Stressing the need to train workers for jobs of the future, President Barack Obama kicked off a government-wide review of federal job-training programs Thursday and pledged to expand the ones that work best.

WAUKESHA, Wis. (AP) -- Stressing the need to train workers for jobs of the future, President Barack Obama kicked off a government-wide review of federal job-training programs Thursday and pledged to expand the ones that work best.

Echoing themes from his State of the Union address, Obama cast improved job training as central to his efforts to make it easier for Americans to join and stay in the middle class. At a General Electric factory near Milwaukee, Obama signed a presidential memo directing Vice President Joe Biden to lead the review, and to work with cities, businesses and labor leaders to better match training to employer needs.

"Our economy's changing," Obama said. "Not all of today's good jobs need a four-year degree. But the ones that don't need a college degree do need some specialized training."

Obama said he was ordering the "soup to nuts" review because not all the existing federal job-training programs do what they're supposed to. Reorienting programs, he said, would move the government away from its "train and pray" approach to job training, where "you train workers first, and then you hope they get a job."

Later in 2014, Obama said, the government will apply the lessons from Biden's review by holding a competition to award $500 million to design programs that partner community colleges with industry. The program will use the last remaining funds from an existing grant program, and each state will have at least one winner.
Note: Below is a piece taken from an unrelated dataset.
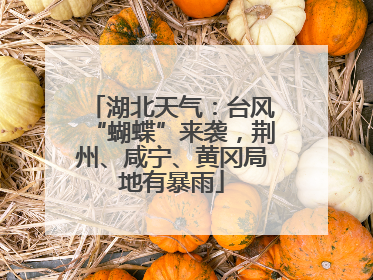 湖北天气：台风“蝴蝶”来袭，荆州、咸宁、黄冈局地有暴雨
At the same time, he called on Congress to be more reliable in funding programs that are proven to work, while vowing he wouldn't let congressional inaction stand in the way.

"There are a lot of folks who do not have time to wait for Congress," Obama said. "They need to learn new skills right now to get a new job right now."

House Republicans pushed back in a letter that Speaker John Boehner, R-Ohio, and other GOP leaders sent Obama on Thursday, arguing that Biden's review was duplicative because the Government Accountability Office already completed a comprehensive review in 2011 that identified redundancies. The leaders urged Obama to press the Democratic-led Senate to take up a Republican bill to consolidate programs and link training to available jobs.

White House press secretary Jay Carney couldn't explain Thursday how Biden's review would be different from the GAO's, but said that whenever Biden "is put in charge of an effort like this, it gets done, and it will be effective."

Before returning to the White House, Obama planned to stop in Tennessee to speak at Nashville's McGavock Comprehensive High School. In a speech about education, Obama was expected to address the fatal off-campus shooting earlier this week of a 15-year-old student by a 17-year-old classmate.